The skill set is there for this guy to be as good as he wants to be. He’s a great-looking piece of clay, has all the tools, can make all the throws and has the kind of athletic ability that is rare at the quarterback position in the NFL today. Now, he’s still a work in progress in terms of the finer points of the game, as he gets inconsistent with his mechanics at times and is still learning how to decipher information and more consistently work his progressions across the field in the pass game. However, there have been glimpses of him trying to do the right things and I think with some time and good coaching he definitely has the ability to mature in those areas.
As for the character concerns, he has definitely made some mistakes. Some could be as a result of him simply being young and dumb, some could have been caused from family and financial pressures, but the facts speak for themselves and there is some kind of a track record there.
Therefore, when trying to decide if Newton is a hard-working kid — which he appears to be — who loves the game — which also appears to be true — who has simply made some mistakes in his life, I think the best way to figure that out is simply by looking the kid in the eye and getting a feel for him during workouts and meetings. And I think he’s a player you either have a gut feeling about or not.
Again, I have not had that opportunity yet, but as of now I don’t think I would feel 100 percent comfortable drafting this kid with a high first-round pick, which is what I ultimately think will end up taking to land him come draft day. Now, my mind could still change, but as of now looking over the facts there is simply too much that goes into the development of becoming a great quarterback in the league and some of his past immature efforts are just enough to make me look elsewhere at the QB position when trying to identify my new future signal caller if I need to invest first-round money in the kid.

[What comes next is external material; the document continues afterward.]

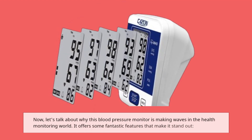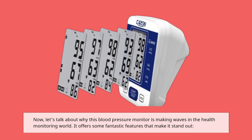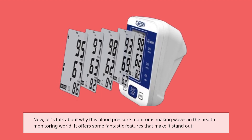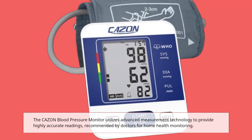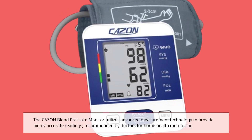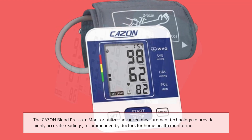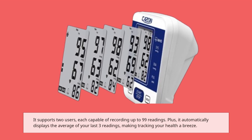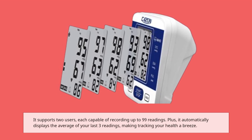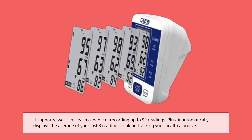Let's talk about why this blood pressure monitor is making waves in the health monitoring world. It offers some fantastic features that make it stand out. The CAZON blood pressure monitor utilizes advanced measurement technology to provide highly accurate readings, recommended by doctors for home health monitoring. It supports two users, each capable of recording up to 99 readings, and it automatically displays the average of your last three readings, making tracking your health a breeze.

6.6: Clean player who is inconsistent in his play due to character, alertness or competitiveness…Has all the physical tools needed to become a starter…If he overcomes his deficiencies he will be a star in the league…If he doesn’t he will be a complete failure — There is NO middle ground!
I don’t think there is any way this guy makes it past the first round. However, like I stated earlier, I just wouldn’t feel comfortable taking Newton in round one at this stage. He seems like a much safer pick in round two where the financial investment isn’t nearly as high, which is why I would give him a second-round grade as of today.